Fastest Prime Number Generator on NFO! FIGHT!
Page 1 of 2 Goto page 1, 2  Next
paxsali
Banned



Posts: 18352

PostPosted: Sun, 4th Aug 2013 14:31    Post subject: Fastest Prime Number Generator on NFO! FIGHT!
Hi feggits,

how about we make a competition who will write the fastest prime number generator in his favorite programming language?

I go first to set to set the bar. Let's meassure the time it takes to calculate the first 10.000 primes.

CPU:
Code:
Processor Name: Intel Core 2 Duo
      Processor Speed: 2,66 GHz
      Number of Processors: 1


Performance:
~3353 primes per sec (for the first 10.000 only[1])
Code:
real   0m2.982s
user   0m2.890s
sys   0m0.059s


Language:
Python

Implementation/Compiler/Runtime:
PyPy

Code:
http://pastebin.com/qgEnH9HE
Come on guys, it's freaking sunday, there is nothing else you do anyways... Cute Pom Pom's
And because I start with Python, it's easier for all the JavaScripters and C++ers or maybe Java programmers to set the new highscore.

FIGHT!

1) obviously only valid for the first 10.000 primes, because since the densitiy of primes decreases as the numbers get bigger. So the longer you run your programm, the less primes / sec it will produce.


"There will be no end to the troubles of humanity, until philosophers become kings, or kings become philosophers.", Plato.
"Hyperbole will destroy us all.", Matt Dillahunty.
"The hyperbole, the demonization of the other opinion and the unwillingness to even read the opposing opinion destroys the so important political discussions necessary for the well functioning of society.", Couleur
Back to top
WhiteBarbarian




Posts: 6003
Location: Russia
PostPosted: Sun, 4th Aug 2013 21:45    Post subject:
Managed to come up with quite fast algorithm. Implemented in C, generates 10000 primes in about 0.018266 seconds on 2.2 GHz Intel Core 2 Duo.

Source

 Spoiler:
 


Back to top
paxsali
Banned



Posts: 18352

PostPosted: Sun, 4th Aug 2013 22:20    Post subject:
⁢⁢


Last edited by paxsali on Thu, 4th Jul 2024 22:05; edited 1 time in total
Back to top
BearishSun




Posts: 4484

PostPosted: Mon, 5th Aug 2013 00:45    Post subject:
78 milliseconds

http://pastebin.com/1h0jyVPp

It's not robust but it does the job Smile

Language: C++, Compiler: MSVC++


Last edited by BearishSun on Mon, 5th Aug 2013 00:47; edited 1 time in total
Back to top
WhiteBarbarian




Posts: 6003
Location: Russia
PostPosted: Mon, 5th Aug 2013 00:46    Post subject:
paxsali wrote:
Disqualified!

EDIT: you could have translated my program 1:1 into C and still be faster (presumably)...
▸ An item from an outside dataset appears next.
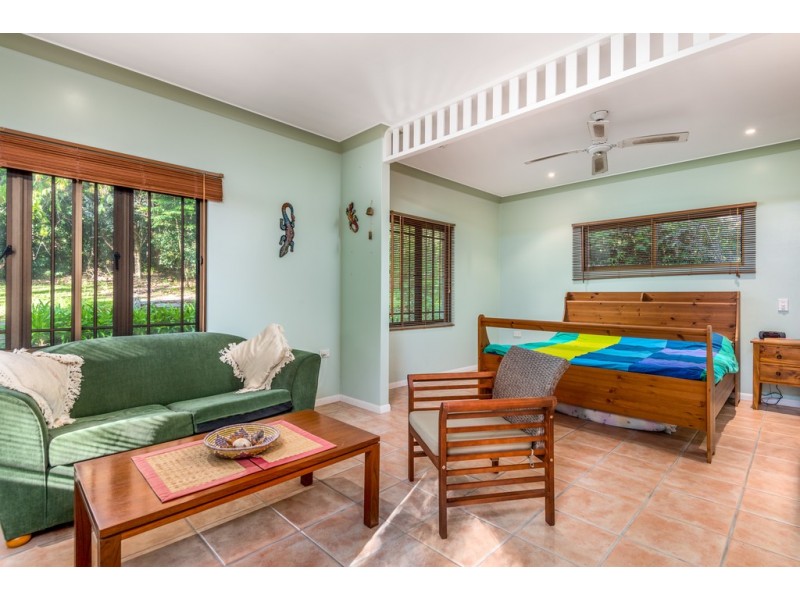 135 STONEY CREEK ROAD, Speewah QLD 4881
Damn, with that edit you made me feel guilty Failed Troll I coded my "generator" during AI turns in Civ 5 just for a little bit of honest trolling Mobster with a Fag


Ok, adapted your code to C version

Source: http://pastebin.com/XP5vGLT2

Completes in about 1.848005 seconds, which gives about 5408 primes per second.
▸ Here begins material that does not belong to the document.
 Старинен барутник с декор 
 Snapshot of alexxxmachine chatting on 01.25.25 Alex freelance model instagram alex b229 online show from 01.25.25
Last edited by WhiteBarbarian on Mon, 5th Aug 2013 01:26; edited 2 times in total
Back to top
WhiteBarbarian




Posts: 6003
Location: Russia
PostPosted: Mon, 5th Aug 2013 00:53    Post subject:
BearishSun wrote:
78 milliseconds

http://pastebin.com/1h0jyVPp

It's not robust but it does the job Smile

Language: C++, Compiler: MSVC++


My C++ is VERY rusty. If I am reading it right you made a multithreaded version ?


Back to top
BearishSun




Posts: 4484

PostPosted: Mon, 5th Aug 2013 00:59    Post subject:
Yup, very multithreaded, runs on GPU. 680 GTX in my case.
Back to top
paxsali
Banned



Posts: 18352

PostPosted: Mon, 5th Aug 2013 01:38    Post subject:
⁢⁢


Last edited by paxsali on Thu, 4th Jul 2024 22:05; edited 1 time in total
Back to top
BearishSun




Posts: 4484

PostPosted: Mon, 5th Aug 2013 09:28    Post subject:
Essentially it queues up 150 000 "threads", which get executed on the GPU. This is why I say its not robust, since I'm guesstimating that 150 000 will be enough to find first 10000 prime numbers. (A more robust version would have an additional outer loop that would stop when enough numbers were reached, but I didn't feel like bothering).
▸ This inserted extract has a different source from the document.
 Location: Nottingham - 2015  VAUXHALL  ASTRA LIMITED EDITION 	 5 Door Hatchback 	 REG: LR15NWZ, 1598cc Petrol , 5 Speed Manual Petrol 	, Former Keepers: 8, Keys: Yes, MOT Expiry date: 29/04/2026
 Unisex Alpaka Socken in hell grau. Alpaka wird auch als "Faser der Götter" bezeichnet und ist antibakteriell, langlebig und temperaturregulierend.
Each thread gets executed in parallel (as much as hardware allows), which means the prime numbers will be generated out of sequence. This is why I sort the numbers at the end. For that same reason it is possible that "numPrims" counter will reach 10000 before first 10000 numbers were generated (some threads will be calculating numbers higher than 10000). This is why I allow 10500 primes, having 500 extra to ensure we get the first 10000. Again, another reason why its not very robust.

At the end I just sort it all and ignore the 500 "extra" numbers.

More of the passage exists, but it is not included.